这是一个局,一个将皇帝、将满朝文武、将整个天下都算计在内的惊天大局!
傅川昂和裴知晦联手了,一文一武,一内一外。
这天恐怕是要变了。
“世子,追不追?”一名副将上前请示。
赵祁艳猛地站起身。他的手在发抖,不是因为恐惧,而是因为极度的震惊。
“不追了。”赵祁艳声音嘶哑,一把揪住副将的领子,“封锁现场!任何人不得靠近这具尸体!”
他转身,大步走向自己的战马。
“备马!”赵祁艳翻身上马,一抖缰绳。
“世子,您去哪?”副将大喊。
“面圣!”赵祁艳头也不回,战马如离弦之箭般冲向午门,“天要塌了!”
马蹄声在风雪中显得格外急促。
赵祁艳死死握着缰绳,脑海里只有一个念头:必须立刻见到皇帝。只要皇帝知道真相,立刻下旨调集江南大营的兵马勤王,或许还能挽回败局。
裴知晦。
赵祁艳咬牙切齿。这个看似病弱的权臣,竟然布下了如此恶毒的杀局。
午门的城门在赵祁艳面前缓缓打开。
同一时间,裴府密室。
裴知晦站在窗前,看着外面漆黑的夜空。
裴安推门而入,单膝跪地,左臂上有一道深可见骨的刀伤,鲜血滴落在地板上。
“大人。小魏子已死。信已毁。”裴安喘着粗气,“但……惊动了御林军。赵祁艳带人包围了巷子。属下折了一个兄弟。”
裴知晦转过身,目光如刀:“尸体处理干净了吗?”
“没来得及。”裴安低下头,“赵祁艳看到了我们用的刀。”
密室里的空气瞬间凝固。
沈琼琚坐在榻上,手中的黑子“啪”地一声掉在棋盘上,打乱了全局。
镇北军的刀。赵祁艳。
裴知晦闭上眼,深吸了一口气。
他知道,赵祁艳不傻。只要看到那把刀,再联想小魏子的身份,这个惊天大局,就瞒不住了。
赵祁艳现在,一定在去养心殿的路上。
一旦皇帝知道真相。
“裴知晦。”沈琼琚站起身,走到他身边,只有极其冷静的决绝,“计划提前。”
这四个字从沈琼琚唇间吐出,轻飘飘的,却重于千钧。
她将棋盘上的黑子尽数扫落,玉石碰撞,清脆作响。
裴知晦眼底戾气翻涌。他褪下青色常服,扯过那件绯红如血的朝服披上。
玉带束腰,禽鸟补子在灯下泛着幽光。他偏头看了沈琼琚一眼,没多言语,转身推门没入风雪。
紫禁城,西华门内夹道。
红墙高耸,白雪覆地。这条路是通往养心殿的捷径。
赵祁艳策马狂奔,马蹄踏碎积雪,泥水四溅。他脑子里只有那个“假”字,北境是假的,造反是假的,满朝文武都被那个病秧子首辅玩弄于股掌之间。
前方风雪中,立着一个人。
绯色朝服,不避风雪。裴知晦孤身一人,挡在狭窄的夹道正中。
“吁——”赵祁艳勒紧缰绳,战马人立而起,堪堪停在裴知晦身前三尺。
“滚开!”赵祁艳双目赤红,手握长枪,居高临下怒喝。
裴知晦抬眼,苍白的脸上全无惧色,甚至带着几分病态的慵懒。他挡了路,且毫无让步的打算。

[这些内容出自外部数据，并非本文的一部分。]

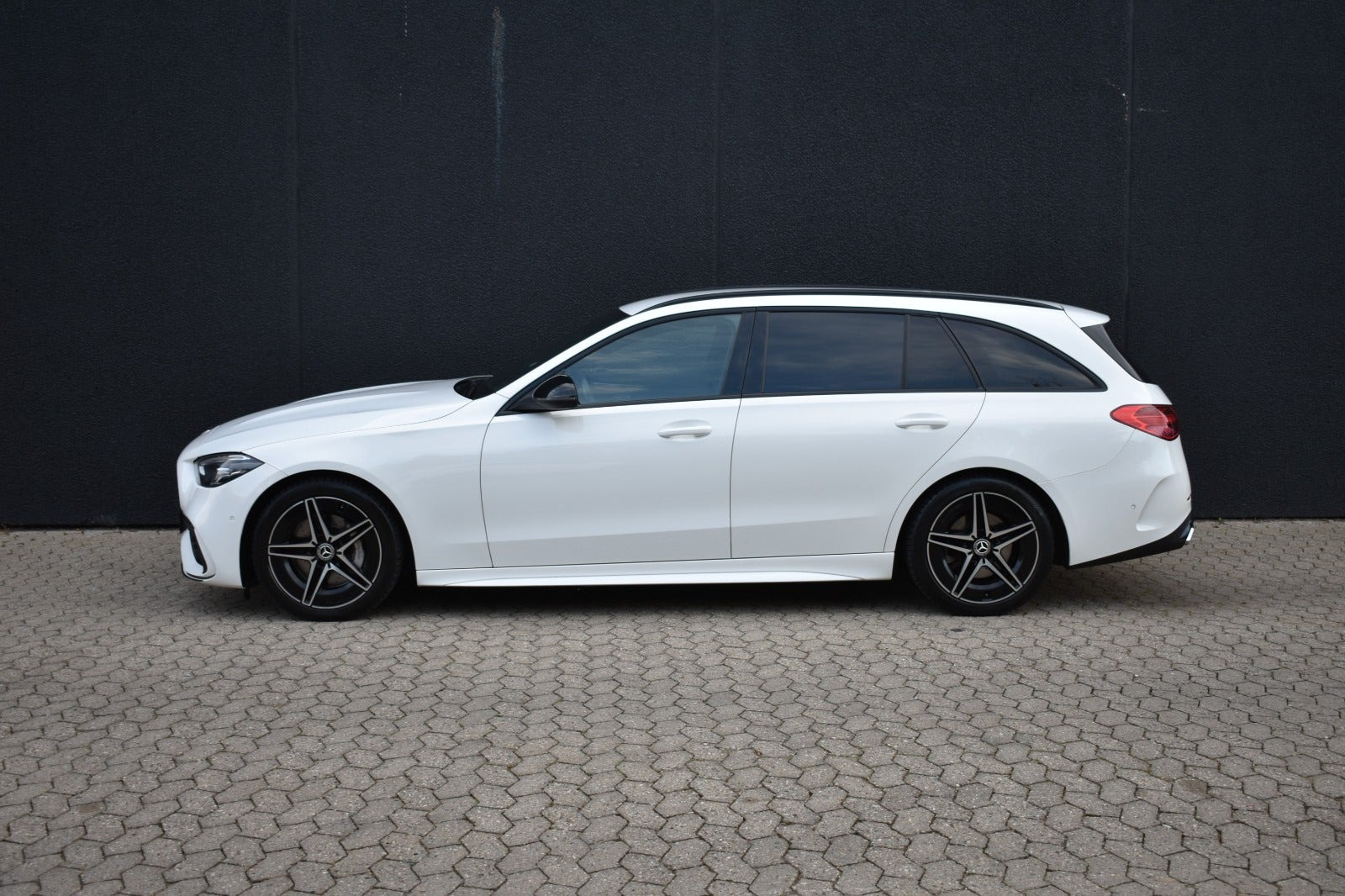 Hvid Mercedes C200 fra 2022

呛啷。赵祁艳弃枪拔剑,长剑出鞘,锋刃直指裴知晦喉结。
“乱臣贼子。”赵祁艳咬牙切齿,字字泣血,“你勾结镇北军,欺上瞒下,企图颠覆大盛百年基业!我今日便替天行道,斩了你这奸相!”
剑尖往前送了半寸,刺破了裴知晦颈间的肌肤。一滴血珠渗出,红得刺眼。
裴知晦没退。他迎着剑锋往前迈了半步。
苍白的皮囊下,某种骇人的癫狂破茧而出。他抬起手,五指张开,生生攥住那吹毛断发的剑刃。

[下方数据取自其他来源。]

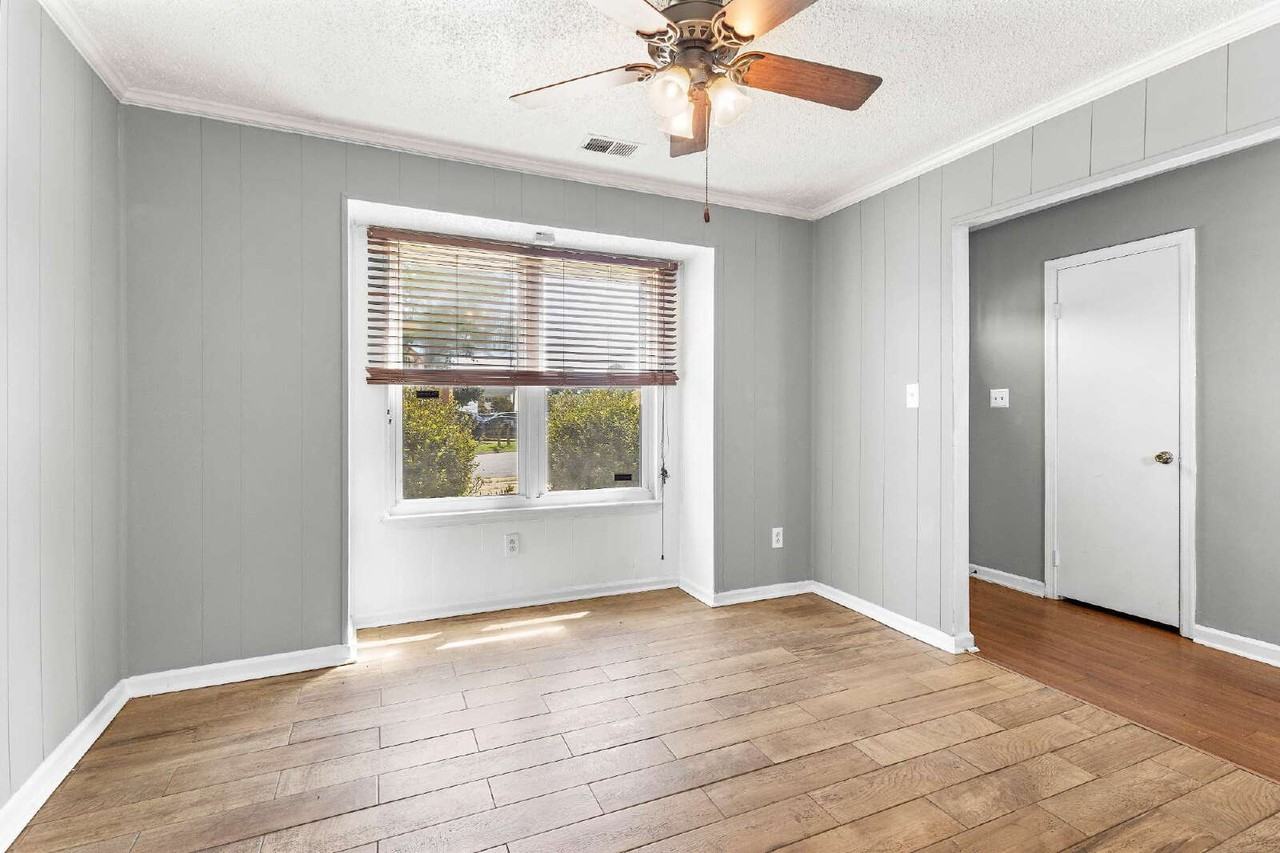 3454 Waltham Cir - Photo 2 of 9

锋利的精钢割裂皮肉,鲜血顺着指缝滴答坠落,砸在洁白的雪地上,洇开朵朵红梅。裴知晦笑了,笑得露出森森白牙,宛如从阿鼻地狱爬出的恶鬼。
“大盛百年基业?”裴知晦声音沙哑,喉咙里伴随着破风箱般的拉锯声,“赵世子,你看看这饿殍遍野的京城。你看看顺天府门前堆积如山的尸体。”
他握着剑刃,硬生生将赵祁艳的剑往下压。
“为了一个只知嗑药、残暴不仁的昏君,让天下人陪葬。这就是你的忠诚?”裴知晦逼视着赵祁艳,“你护的不是天下,是那个坐在龙椅上的疯子。你手里的剑,沾的是黎民百姓的血。”
字字诛心。
赵祁艳握剑的手抖了一下。他出身勋贵,自幼饱读诗书,满脑子精忠报国。可这几天,他巡视内城,亲眼看着百姓易子而食,看着顺天府尹悬梁自尽。
皇帝在做什么?
皇帝在吃九转紫金丹,在下令杀人。
信仰的崩塌,往往只需一个裂缝。
有趣的是,这位世子爷满脑子家国大义,却忘了饿肚子的大头兵是不认圣旨的。
同一时间,裴府主院密室。
沈琼琚拨弄着算盘,头也不抬。“蘅娘,传信给城西粮仓的暗桩。御林军的过冬口粮,一把火烧了。再让黑市的人去御林军大营外喊话,就说皇上要把最后一点糙米全送去北境给傅川昂。”
杜蘅娘吹燃火折子,点燃信鸽腿上的竹筒引线。“你这招釜底抽薪够绝。当兵的吃不饱饭,哗变是迟早的事。”
“人饿急了,连亲儿子都吃,何况是皇帝老儿。”沈琼琚冷嗤。
西华门夹道内,对峙仍在继续。
赵祁艳的动摇只在瞬息,他猛咬舌尖,试图稳住心神。“巧言令色!你为了一己私欲……”
“报——!”
一名御林军小旗连滚带爬地冲进夹道,头盔跑丢了,满脸惊惶。“世子!不好了!城西大营走水,粮草烧了个干净!兄弟们听说皇上要断粮,营啸了!现在全乱套了,正往皇城冲呢!”
赵祁艳如遭雷击,整个人僵在马背上。
营啸。这两个字对于带兵的将领来说,无异于灭顶之灾。
就在他分神的刹那。
裴安如鬼魅般从红墙上方跃下。没有任何花哨的动作,一记手刀精准劈在赵祁艳后颈。
赵祁艳两眼一翻,软绵绵地从马背上栽落。
“绑了。”裴知晦松开满是鲜血的右手,从袖中掏出一方素帕,慢条斯理地擦拭着伤口,“留活口。押回地窖。”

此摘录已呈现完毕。